Der Mordanschlag von Solingen war dabei nur der vorläufige „Höhepunkt“, oder treffender: der Tiefpunkt, einer Serie weiterer rechts motivierter Anschläge, wie z.B. in Hoyerswerda, Hünxe, Rostock, Cottbus, Mölln, der Mord an Walter Lübcke und die Mordserie des NSU, der Münchener Amoklauf im Juli 2016 und Hanau 2020.
Diese politische Lage hat sich nach 31 Jahren hierzulande nicht verändert. Das Auffliegen des Geheimtreffens am Wannsee von Rechtsradikalen, rechten Politikern und Unternehmern, die Verschärfung und Einführung strengerer Asyl-Reformen (GEAS) und nicht zuletzt das Video aus Sylt mit den Rufen: „Deutschland den Deutschen! Ausländer raus!“ haben die Gesellschaft in Deutschland erneut in vielen Debatten um Rassismus und den Rechtsruck aufgerüttelt. Es wird deutlich, dass Rassisten, ja Nazis, nicht unbedingt in Springerstiefeln und Bomberjacken auftreten und Flüchtlingsunterkünfte anzünden, sondern dass Rassismus tief in der Mitte der Gesellschaft verankert ist und auch von gutsituierten jungen Menschen vertreten wird.

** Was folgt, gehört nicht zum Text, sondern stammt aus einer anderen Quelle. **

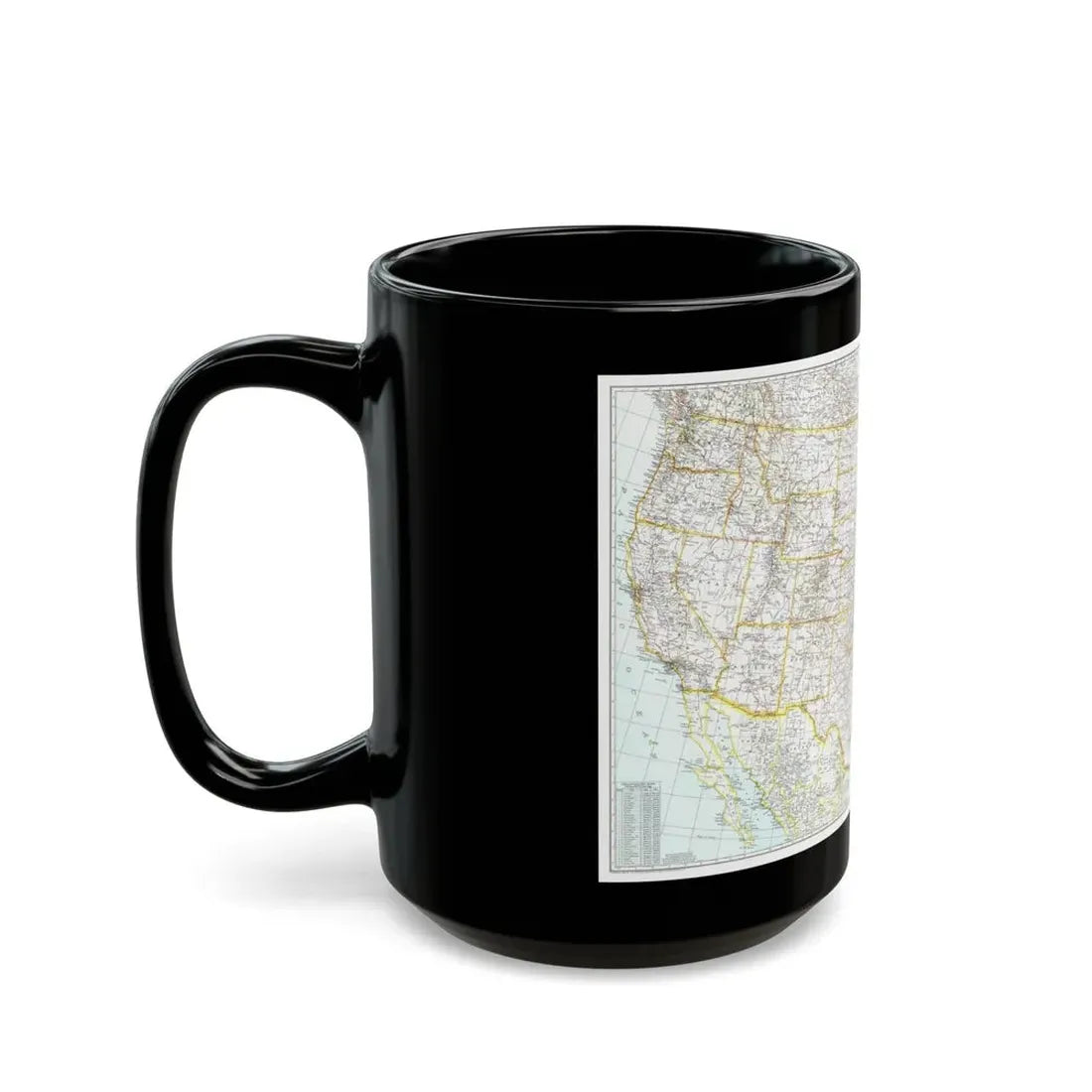 USA - The United States (1940) (Map) Black Coffee Mug - Go Mug Yourself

In Zeiten von Krieg, Krise und Perspektivlosigkeit ist es nicht ungewöhnlich, dass der Unmut in der Gesellschaft immer weiter nach rechts driftet. Der steigende Rassismus ist nicht nur der erfolgreichen Hetze und Propaganda der AfD zu verdanken – vor allem die Ampelregierung ist verantwortlich für die prekäre Lebenslage. Zudem bedienen sich die regierenden Parteien sowohl der Sprache als auch der Rhetorik der AfD. Dies erleichtert es auch „demokratischen“ Bürgern, sich rassistisch und hetzerisch gegenüber Geflüchteten und Migranten zu äußern und diese als Sündenböcke für die Krisen darzustellen.
Auf der Seite der Amadeu Antonio Stiftung (AAS) heißt es: „Die Zahl der behördlich erfassten rechtsextrem motivierten Straftaten stieg um ca. 23 Prozent gegenüber dem Vorjahr und erreichte mit 28.945 Straftaten ein Rekordhoch seit Beginn der Erfassung. 1.270 dieser Straftaten waren Gewaltdelikte, das entspricht einer Steigerung um 8,6 Prozent gegenüber 2022. Auch flüchtlingsfeindliche Gewalt erreichte einen neuen Höchststand, für 2023 melden die Behörden 2.488 Straftaten gegen Asylbewerber, darunter 321 Gewalttaten.“ (Stand: 21.05.2024).
Auch nach 31 Jahren wird am 29. Mai an die Opfer rechtsterroristischer Gewalt gedacht und zahlreiche Aktionen gegen Rassismus und den Rechtsruck organisiert.